Information supplied START
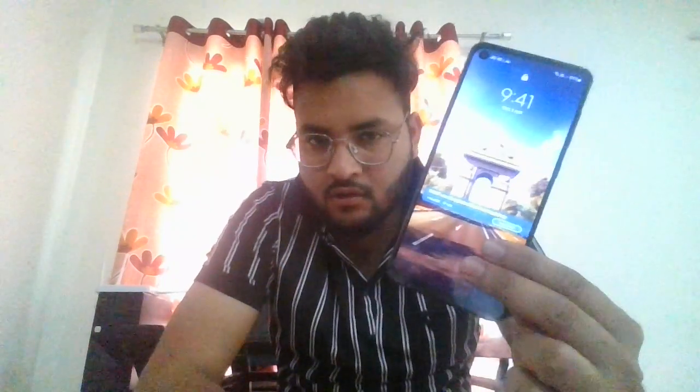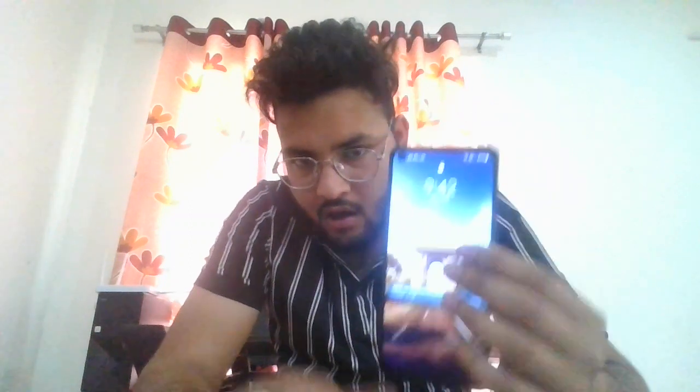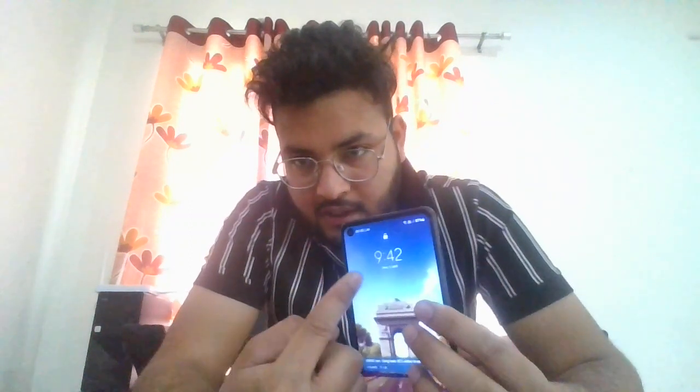Hello guys, welcome back to my YouTube channel. In this video we are going to cover a specification about this phone. The model name is Samsung A21s. The structural body of this phone is very thin, and I have so many cracks on this display.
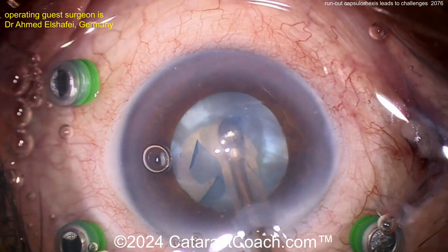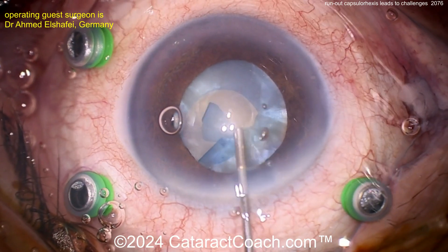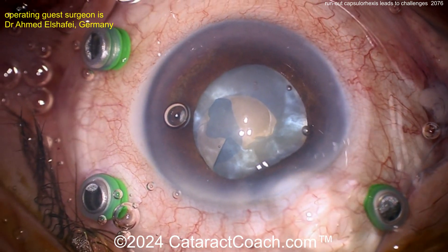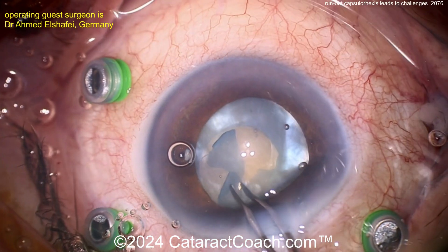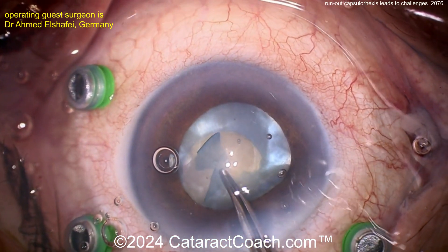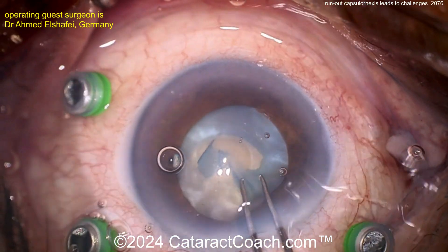Depressurize the capsular bag — I like that idea too. Could have done that at the beginning with just a cannula, just rocking the nucleus. Here's more viscoelastic going inside the eye. Let's see if we can rescue this using that little technique — grabbing it here and, nope, it doesn't really want to go. Looks like the capsulorhexis has already gone out towards the zonular support.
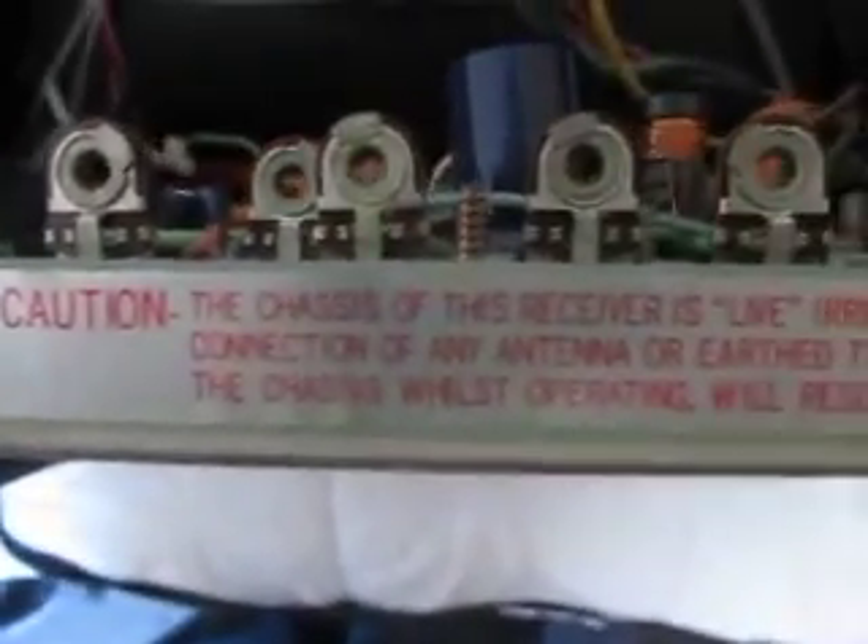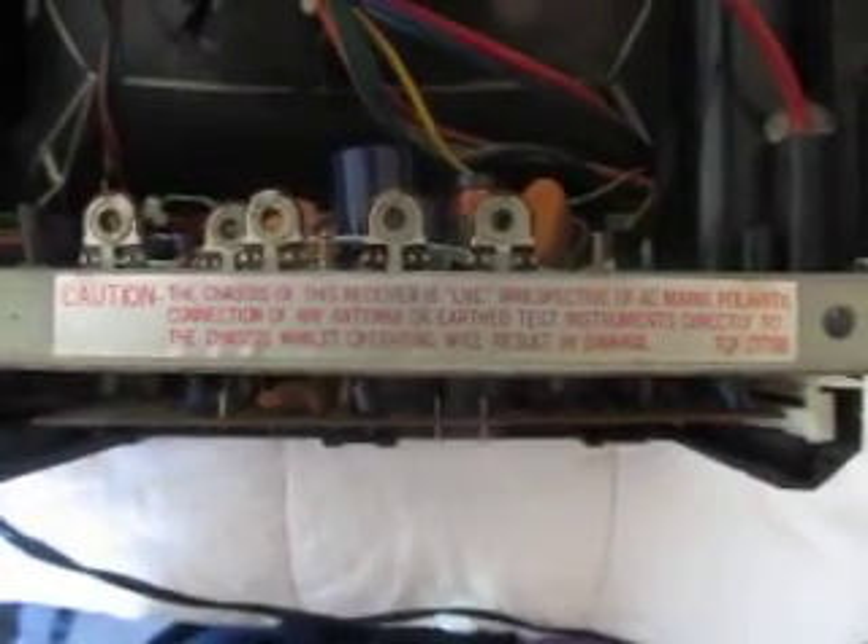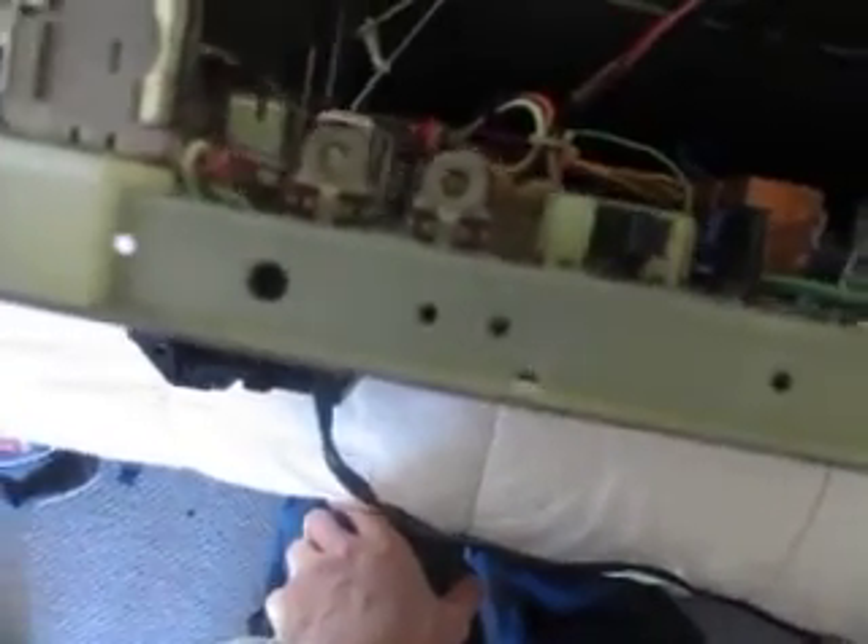This is a kind of ominous-looking notice. Caution: the chassis of this receiver is live, and irrespective of AC mains polarity, connection of any antenna or earth test equipment directly to the chassis whilst operating will result in damage. So like some older radio sets, the chassis in this is live with power, so better not touch it while it's in operation.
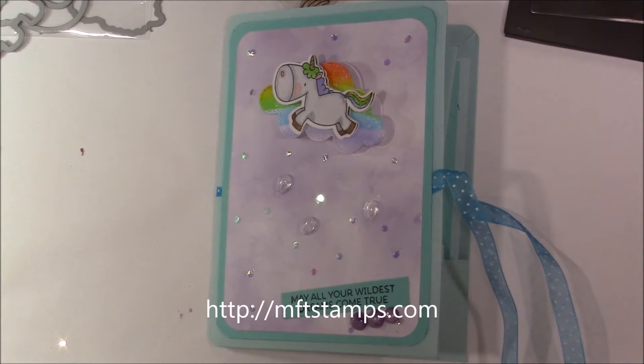Hi everyone, it's Loretta and I have a share for you. I finished my unicorn cards that I shared earlier today in a quick tip video, and I wanted to share them with you. I also made a folio for my cards.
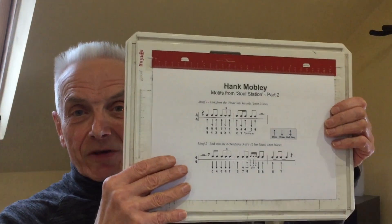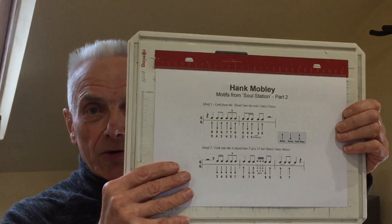In this video we're going to look at two motifs that Hank Mobley uses in his first solo. You're going to need an A-flat harmonica if you've got it to play in the key of the record; if not, I'm going to be moving to a B-flat harmonica to show how we can apply these motifs later on. I've tabbed them out as best I can because they're quite tricky, so if you're able to grab a screenshot do that now.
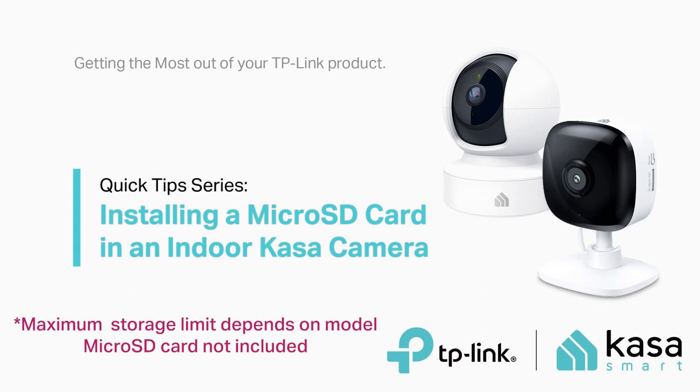Welcome to another edition of TP-Link's quick tip video series. In this video, we will be showing you how to install a micro SD card into your indoor Kasa camera.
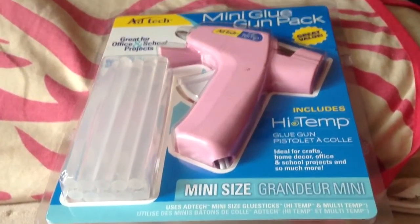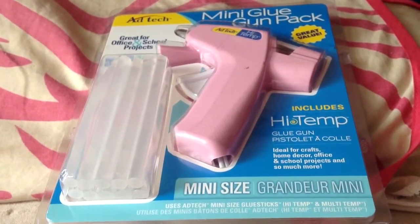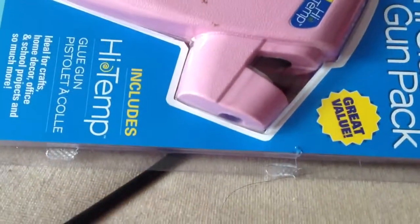I'm opening this glue gun today — I just bought it and it was only five dollars from Marshalls. It comes with I think six or ten glue sticks.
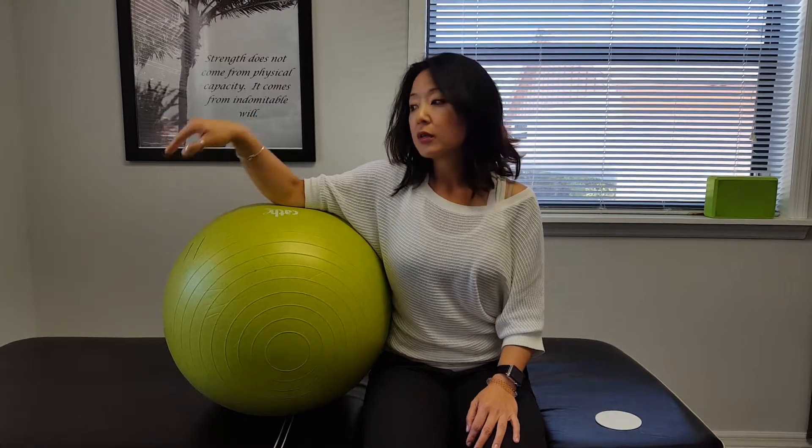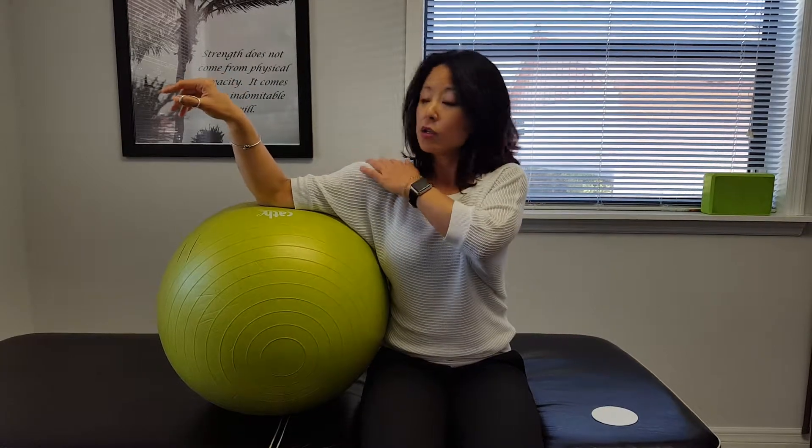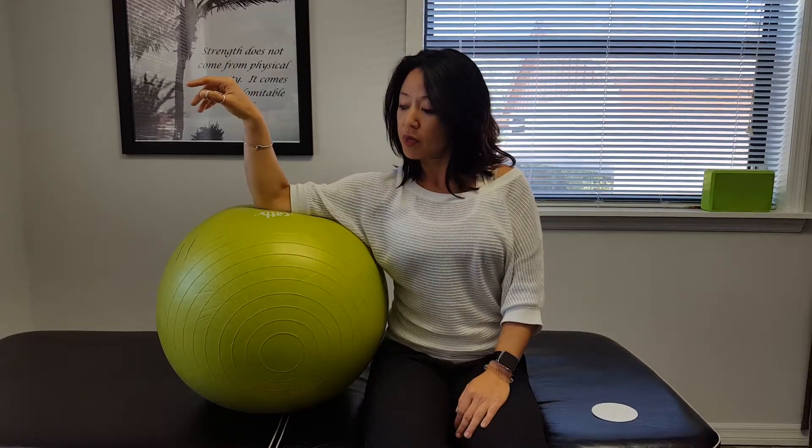This is a radial nerve slider, meaning your head is going to move with your hand. In order to achieve that, you do have to get your shoulder to press into the ball, not just the elbow. The shoulder has to go down.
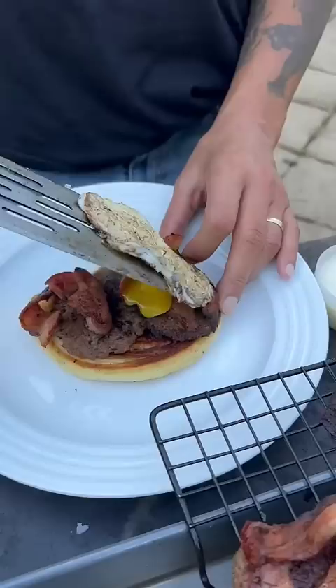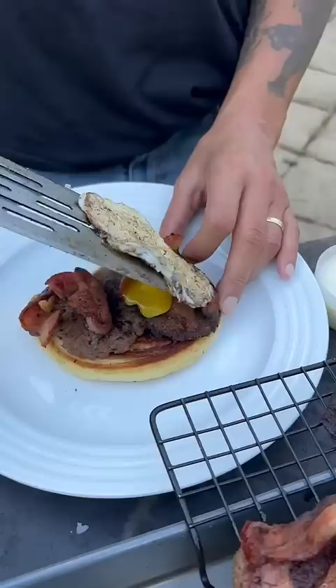Fry up a couple of eggs. Take your cinnamon roll, go ahead with two pieces of the sausage we made, some bacon on top of that, then your egg. Another cinnamon roll on top, just like that — flatten it down, let that yolk break, get your cinnamon icing on top. Go ahead with the side of hash browns. Check that out.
Information supplied END
- **Activity**
Your answer must be an exact transcription of every entry, minus the pictures.

- **Expected answer**
Hello guys, welcome back to my YouTube channel. In this video we are going to cover a specification about this phone. The model name is Samsung A21s. The structural body of this phone is very thin, and I have so many cracks on this display.
Depressurize the capsular bag — I like that idea too. Could have done that at the beginning with just a cannula, just rocking the nucleus. Here's more viscoelastic going inside the eye. Let's see if we can rescue this using that little technique — grabbing it here and, nope, it doesn't really want to go. Looks like the capsulorhexis has already gone out towards the zonular support.
This is a kind of ominous-looking notice. Caution: the chassis of this receiver is live, and irrespective of AC mains polarity, connection of any antenna or earth test equipment directly to the chassis whilst operating will result in damage. So like some older radio sets, the chassis in this is live with power, so better not touch it while it's in operation.
Hi everyone, it's Loretta and I have a share for you. I finished my unicorn cards that I shared earlier today in a quick tip video, and I wanted to share them with you. I also made a folio for my cards.
In this video we're going to look at two motifs that Hank Mobley uses in his first solo. You're going to need an A-flat harmonica if you've got it to play in the key of the record; if not, I'm going to be moving to a B-flat harmonica to show how we can apply these motifs later on. I've tabbed them out as best I can because they're quite tricky, so if you're able to grab a screenshot do that now.
Welcome to another edition of TP-Link's quick tip video series. In this video, we will be showing you how to install a micro SD card into your indoor Kasa camera.
I'm opening this glue gun today — I just bought it and it was only five dollars from Marshalls. It comes with I think six or ten glue sticks.
This is a radial nerve slider, meaning your head is going to move with your hand. In order to achieve that, you do have to get your shoulder to press into the ball, not just the elbow. The shoulder has to go down.
Fry up a couple of eggs. Take your cinnamon roll, go ahead with two pieces of the sausage we made, some bacon on top of that, then your egg. Another cinnamon roll on top, just like that — flatten it down, let that yolk break, get your cinnamon icing on top. Go ahead with the side of hash browns. Check that out.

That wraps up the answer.